We may feel good about our sample, may naively compute a mean, that mean may just estimate well what we want to estimate (say, the a, not the EQ), and all will be good, except that from a theoretical point of view we are wrong in two ways, led astray in two respects (namely using an estimator that doesn’t work for what theoretically should be estimated, but which are not aware of, and we wouldn’t want in case we were either), that somehow they cancel out. Nice, huh?

All this is another illustration of the fact that the job of models is not being “true” – in a given situation where we observe an uncontaminated sample it may well be that there would have been a certain probability of contamination, had we observed more data, but a “true” model with a so small contamination probability that we actually didn’t see any of it could only have confused, not helped.

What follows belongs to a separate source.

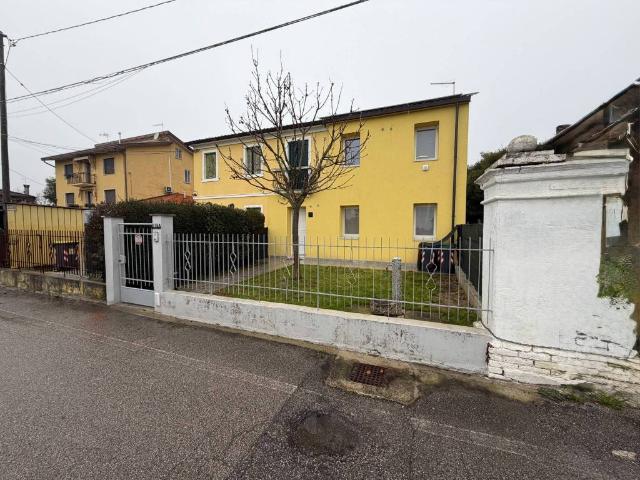 Villa Indipendente in vendita a Mira, Veneto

The contamination idea (where the contaminants are very far from the regular distribution) is less helpful if we assume that users would screen their data for such aberrations, e.g. 10-foot tall 3 year olds, or whatever.

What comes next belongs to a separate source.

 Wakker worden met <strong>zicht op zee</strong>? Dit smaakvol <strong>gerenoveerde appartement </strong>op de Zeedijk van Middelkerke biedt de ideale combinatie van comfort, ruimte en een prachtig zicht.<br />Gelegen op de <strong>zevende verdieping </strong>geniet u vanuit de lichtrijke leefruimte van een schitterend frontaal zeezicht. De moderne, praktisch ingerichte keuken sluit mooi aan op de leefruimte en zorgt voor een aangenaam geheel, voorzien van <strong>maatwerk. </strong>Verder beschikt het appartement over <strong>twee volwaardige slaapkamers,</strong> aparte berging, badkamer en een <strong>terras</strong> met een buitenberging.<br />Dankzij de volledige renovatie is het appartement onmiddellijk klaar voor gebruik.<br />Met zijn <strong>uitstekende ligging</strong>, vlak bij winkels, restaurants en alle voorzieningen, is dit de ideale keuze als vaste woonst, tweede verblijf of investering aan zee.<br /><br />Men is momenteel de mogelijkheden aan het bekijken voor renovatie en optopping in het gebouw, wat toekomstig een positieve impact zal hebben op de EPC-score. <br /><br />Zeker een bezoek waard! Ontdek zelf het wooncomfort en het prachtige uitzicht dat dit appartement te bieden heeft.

Should they do this screening – which of course is standard in applications – then the corresponding analysis tells us about the population that meet the inclusion criteria. This might not be (quite) the population everyone wants to learn about, but the resulting inference is nevertheless often useful.

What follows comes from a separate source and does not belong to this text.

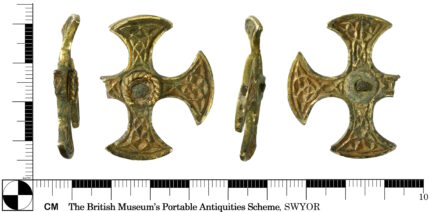 Museu adquire pequeno, mas significativo, cruzamento peitoral anglo-saxão-o blog de história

As long as we’re talking about what to do in practice, this is fair enough (although its quality ultimately depends on how exactly the screening is done), however what I was going on about is how what we do relates to the theory, and this is often not as it seems to be. (Of course if you can specify a fixed data-independent bound for discarding outliers, this is “theoretically nice”, but it may be very hard to justify such a bound in many real situations, and if you involve the data, things become more complicated.)